Luz Adela Guillen Cornejo, a member of the Missionaries of Jesus, a Peruvian lay mission organization, worries that local teenagers doing their obligatory two-year military service could be forced to take action against their own communities.
“They shouldn’t be preparing these youths for confrontations with their own families,” she said.
The meeting ended with a call for the government to cancel the land-sale contract with the Romero Group. The next day, the mayor and about 30 community leaders headed for the city of Tarapoto – a grueling, five-hour trip that included more than a mile of slogging on foot through mud on a road made nearly impassable by the rain – to take their complaints to Cesar Villanueva Arevalo, regional president of San Martin.

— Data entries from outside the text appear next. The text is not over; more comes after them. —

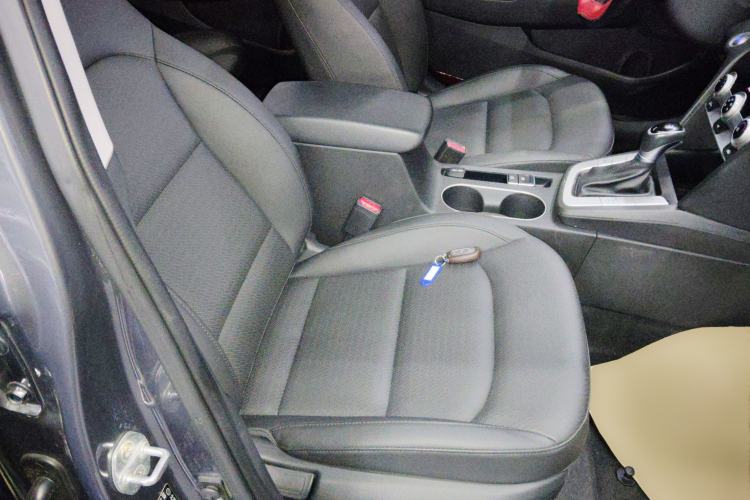 Used Hyundai Elantra (6th Generation / Lingdong) 2020 1.5L CVT Smart & Stylish – Elite Version Right Front Seat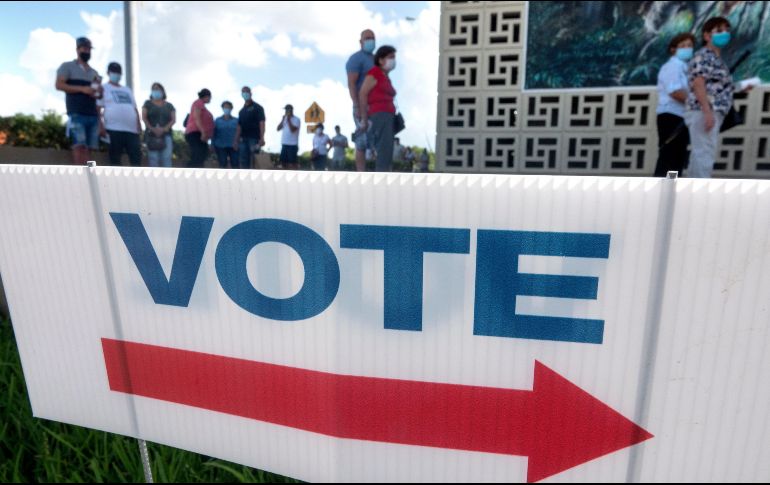 Ciudadanos hacen fila este domingo para votar anticipadamente en  Hialeah, Florida. EFE/C. Herrera-Ulaxhkevich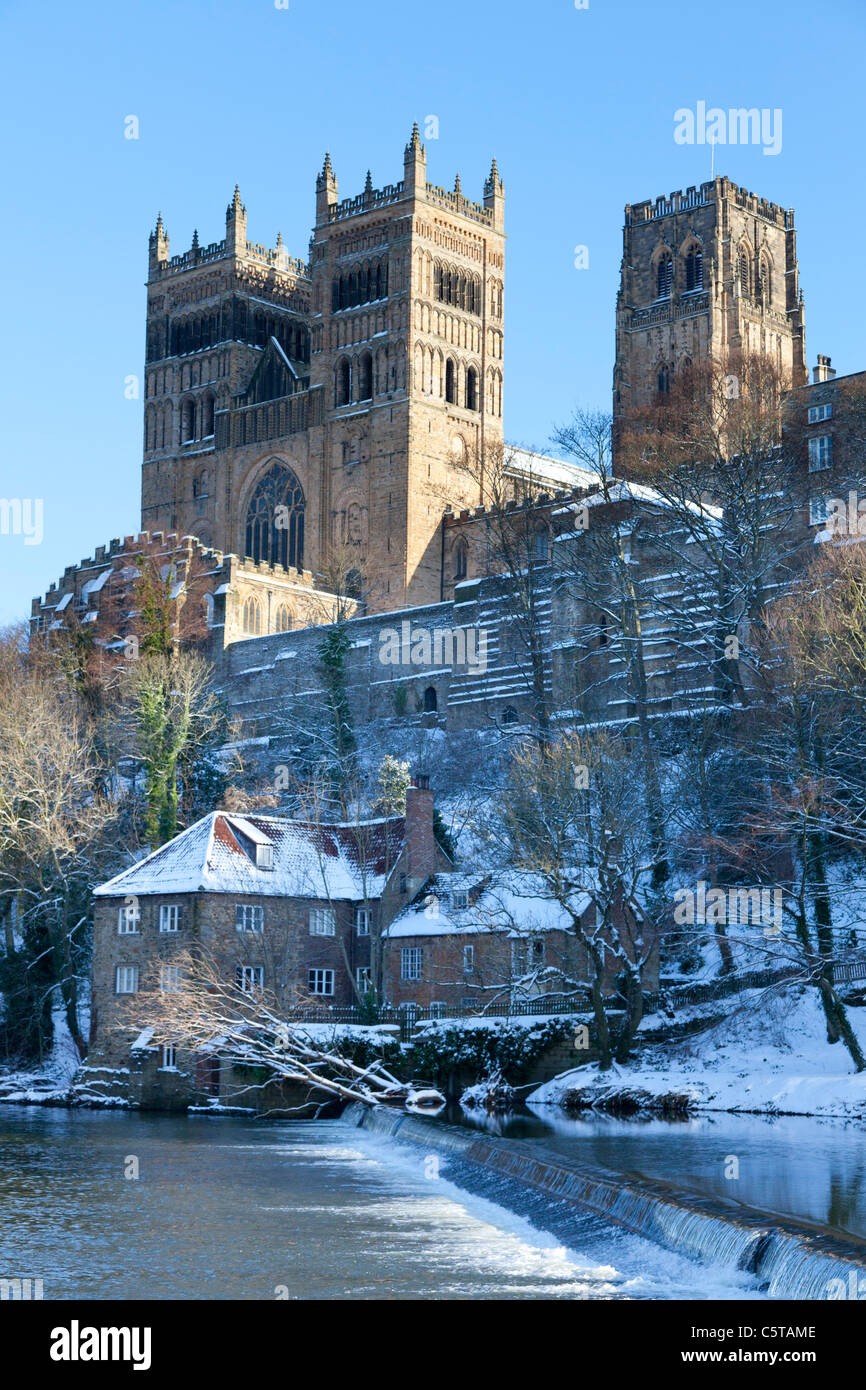 La Cattedrale di Durham in inverno la neve England Regno Unito Foto Stock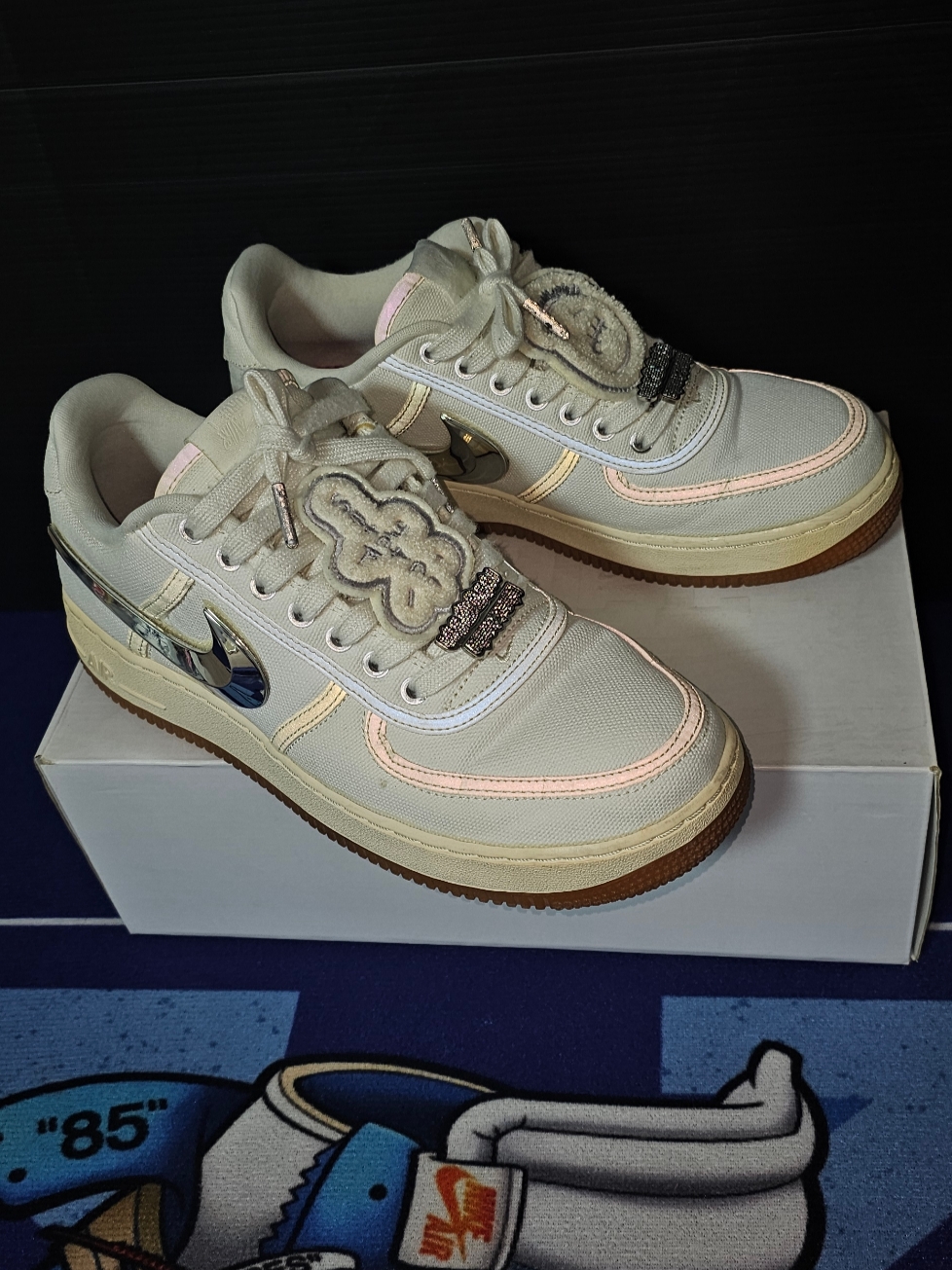 Nike x Travis Scott Air Force 1 Low Sail 착용 스타일 - 6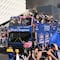 Fans de los Dodgers le cantan las mañanitas a Fernando Valenzuela en el desfile por el título de la Serie Mundial 2024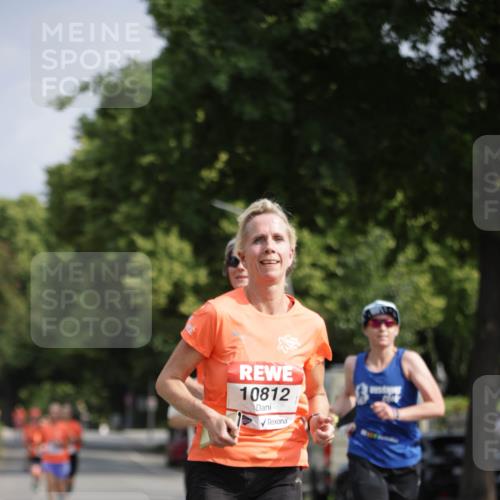 15.06.2025 - REWE Women's Run Jannik Wohlers http://msf.ph/oto/7944140 15.06.2025 08:47:30 Laufen 10812 meine-sportfotos.de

Villanueva admitted that the sale was irregular and said it had not been approved by the regional government.
“We know the Romero Group is causing the deterioration of primary forests, with deforestation and alteration of the ecosystem,” Villanueva said. He told the community leaders that the regional government plans to go to court in April to block the land sale.
Nevertheless, local church workers wonder why the government had not sought an injunction to stop the company from building roads and cutting trees. By the time a legal case winds through Peru’s sluggish court system, it could be too late for the farmers to save their land.
Several community leaders told Villanueva that the church was their strongest ally in the struggle. Father Bartolini, Guillen and other church workers said they are aware their support could put them in the same danger that church workers in the Brazilian Amazon have faced. In 2005, gunmen killed U.S. Sister Dorothy Stang, a member of the Sisters of Notre Dame de Namur who stood up for small farmers who were being displaced by ranchers.
But although they have received threats – and a year ago someone painted slogans on the church wall, apparently trying to make it appear to be the work of a terrorist group – they remain determined to defend the farmers’ land rights.
The struggle is taking a toll. In March, members of a civil defense patrol in San Juan de Pacchilla stopped a company worker and a government official who were surveying land in the community and took them to Barranquita. The two sued 11 people, including Mayor Cesar Soria, Father Bartolini, Guillen, several town council members and other local leaders, claiming they were kidnapped.
The defendants say the two were not held captive, but that they were prevented from leaving town because local residents set up roadblocks. A court ruling is expected soon. Meanwhile, the defendants must make a monthly trip to the provincial capital to sign in with the court.
In Father Bartolini’s view, the land-rights matter is exacting a dual price. Not only are the farmers in danger of losing their land, but the problem has also taken up much of the small pastoral team’s time.
“It’s been three years,” he said. “How many more things we could have done for the people if it weren’t for this.”